Would you recommend a different name?

No, I just don't think we have a single API that we should expose.

I do believe at the moment we need some top level locale negotiation for i18n sites to serve the right translation bundle that is consistent with other formatters like date/time/number.

What makes it impossible to implement it in user land? We have supportedLocalesOf which allows you to perform any nesting you want with merging filtering against locales available for a given formatter, we have maximize/minimize. What is missing?

We do have the use cases for it so can you clarify on further requirements?

I believe that your questions for me are misguided by the assumption that we should add APIs for everything that we can find "use case" for.

I don't think "have a use case" is a good justification. We have a use case for localization as well, but we don't have a good format to offer, so we don't standardize something just because we can.

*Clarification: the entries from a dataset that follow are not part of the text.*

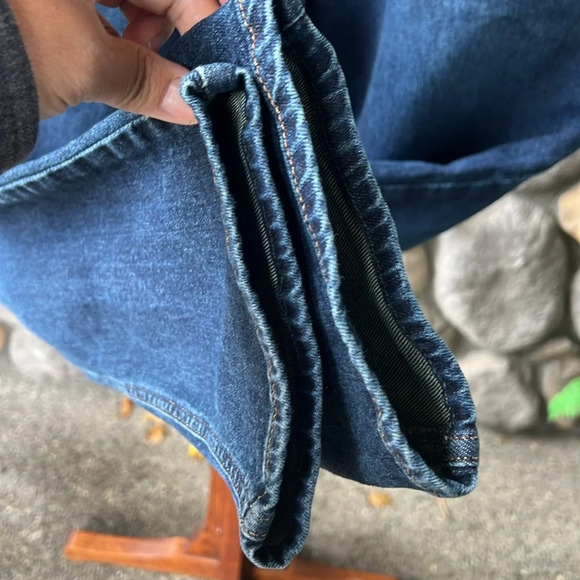 Signature by Levi Strauss Athletic Women's Jeans Size 28/30 - Picture 7 of 8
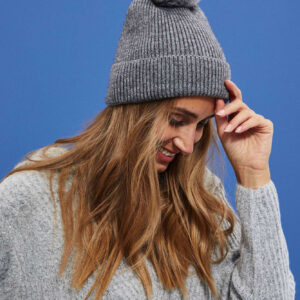 Czapka z prążkowanej dzianiny z pomponem szara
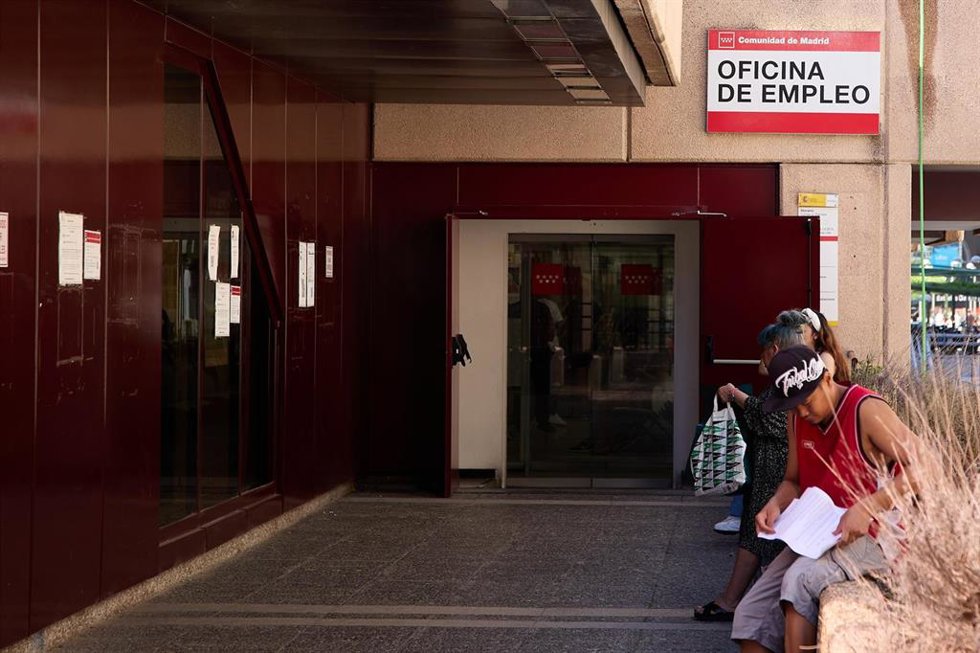 Entrada de una oficina del SEPE en Madrid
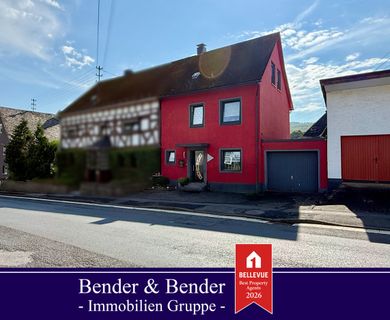Wohlfühlen in zentraler Lage – gepflegte Doppelhaushälfte mit Garten und Terrasse!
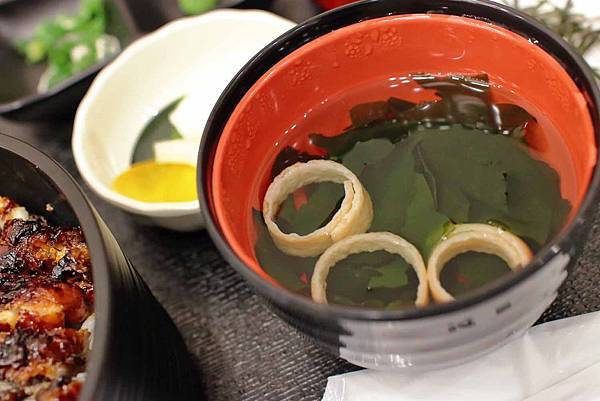 【台北美食】三河屋-新加坡米其林必比登推薦!現殺現烤的備長炭鰻魚飯三吃 【台北美食】三河屋-新加坡米其林必比登推薦!現殺現烤的備長炭鰻魚飯三吃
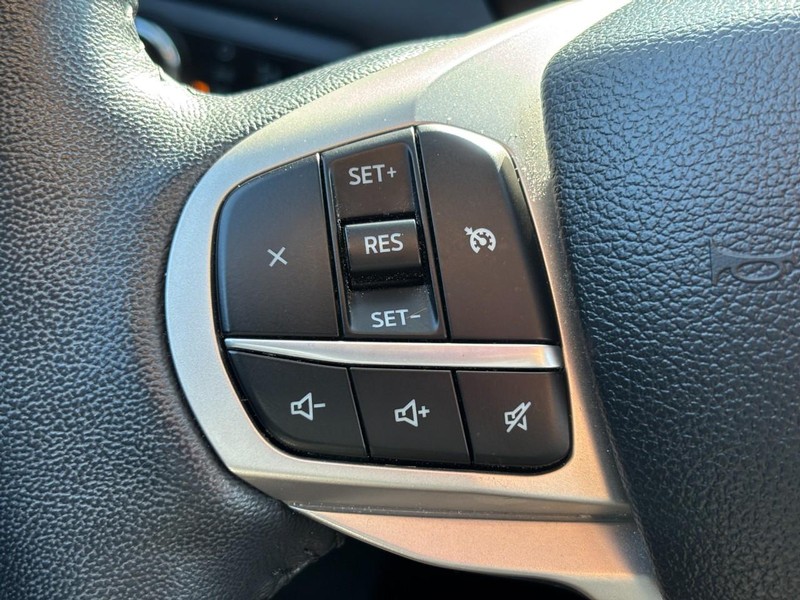 Ford Explorer Vehicle Full-screen Gallery Image 19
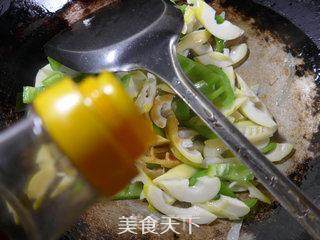 尖椒炒雷笋的做法步骤：7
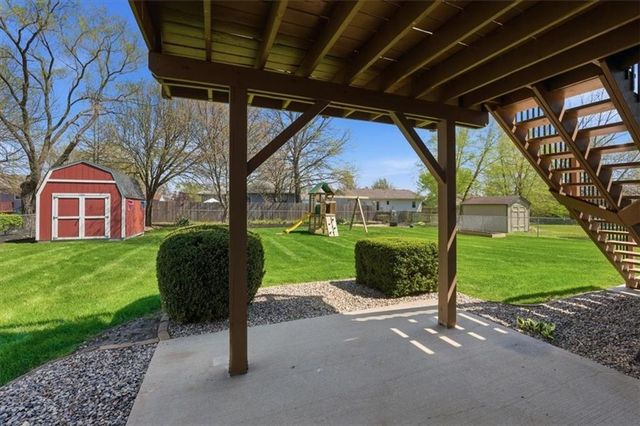 21921 Gracie Drive, Peculiar, MO 64078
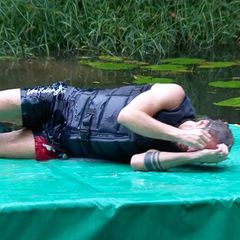 Gil Ofarim stürzt bei einer Dschungelprüfung.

I don't have requirements, I have an opinion. There is a large spectrum of possible algorithms for language negotiation, and I believe for now, ECMA-402 should restrain from "blessing" any. Instead, we should make sure that we lower the barrier for user land algorithms to be written.
If there are missing low-level APIs that are data heavy and in result unfit for user-land, then I believe we should consider them.

My recommendation would be to develop what you're aiming for as a user-land library and see if it gains universal adoption. (here's an example of one we use for Fluent)

What prevents you from doing that?

@zbraniecki
Copy link
Member

As a possible (long term) path forward:

@longlho
Copy link
Collaborator Author

longlho commented Dec 1, 2020

I guess I'm basing the requirements off of #512 which this seems to satisfy:

  1. There are prior arts for locale negotiation.
  2. It is difficult to implement in user land due to CLDR data (e.g alias, language matching, parent locales) and also the LanguageMatching algorithm is certainly tricky.
  3. This does have broad appeal, as demo'ed in the next.js GH issue (57K stars). The implementation we're going with is within @formatjs/ecma402-abstract (320K weekly downloads but that number doesn't matter as far as I'm concerned).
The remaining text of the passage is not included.